• **TASK TO COMPLETE**
All records that follow are to be copied exactly, with images omitted.

• **SOURCE DATA**
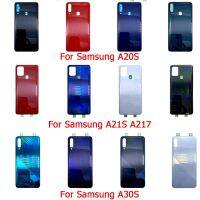 Samsung Galaxy A20S A30S A50S ปลอกหุ้มช่องหลังพร้อมกาวสติ๊กเกอร์ฝาหลังแบตเตอรี่ของแท้ใหม่สำหรับคลุมพร้อมโลโก้ฝาหลัง A21S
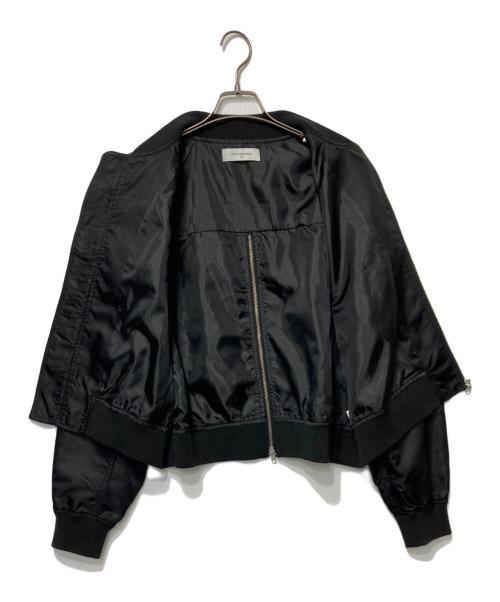 URBAN RESEARCH lab（アーバンリサーチラボ）URBAN RESEARCH lab (アーバンリサーチラボ) バックジップMA1ブルゾン ブラック サイズ:Freeの古着・服飾アイテム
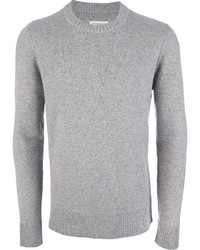Мужской серый свитер с круглым вырезом от Maison Martin Margiela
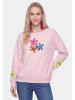 IZIA Women Sweatshirt in Light Rose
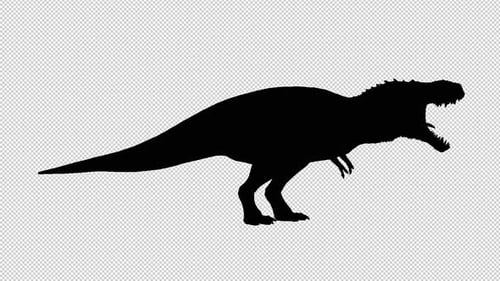 Dinosaurier-Roar-Silhouette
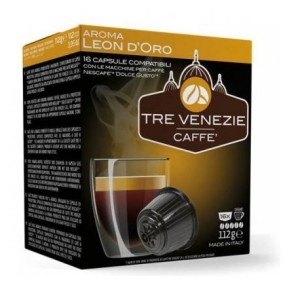 CAFFE' TRE VENEZIE DOLCE GUSTO LEON D'ORO 16 CAPSULE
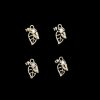 German Silver Leaf Shape Pendant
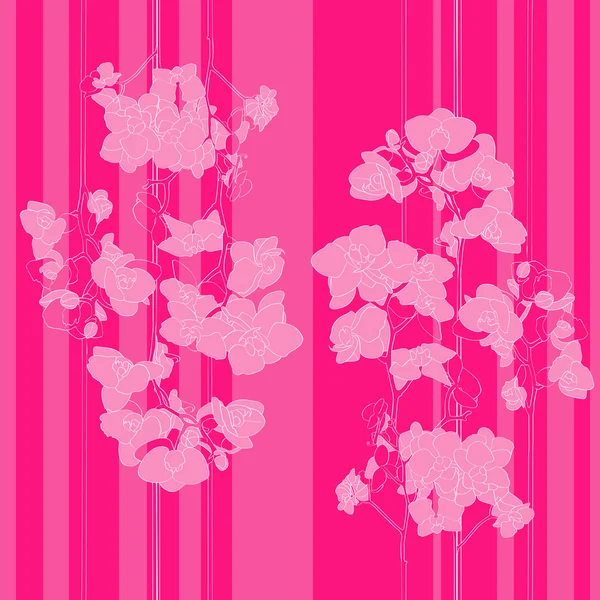 Pink orchids pattern — Stock Photo, Image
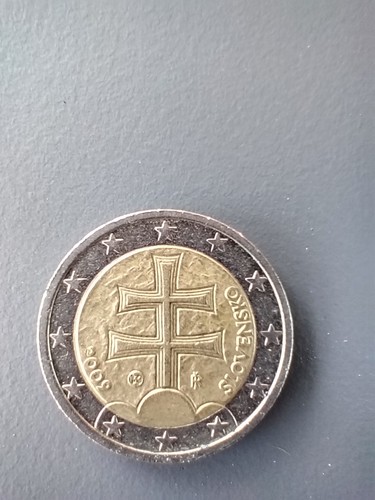 Moneta due euro rara - rara,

• **TASK SOLUTION**
 Samsung Galaxy A20S A30S A50S ปลอกหุ้มช่องหลังพร้อมกาวสติ๊กเกอร์ฝาหลังแบตเตอรี่ของแท้ใหม่สำหรับคลุมพร้อมโลโก้ฝาหลัง A21S
 URBAN RESEARCH lab（アーバンリサーチラボ）URBAN RESEARCH lab (アーバンリサーチラボ) バックジップMA1ブルゾン ブラック サイズ:Freeの古着・服飾アイテム
Мужской серый свитер с круглым вырезом от Maison Martin Margiela
 IZIA Women Sweatshirt in Light Rose
 Dinosaurier-Roar-Silhouette
 CAFFE' TRE VENEZIE DOLCE GUSTO LEON D'ORO 16 CAPSULE
 German Silver Leaf Shape Pendant
 Pink orchids pattern — Stock Photo, Image
 Moneta due euro rara - rara,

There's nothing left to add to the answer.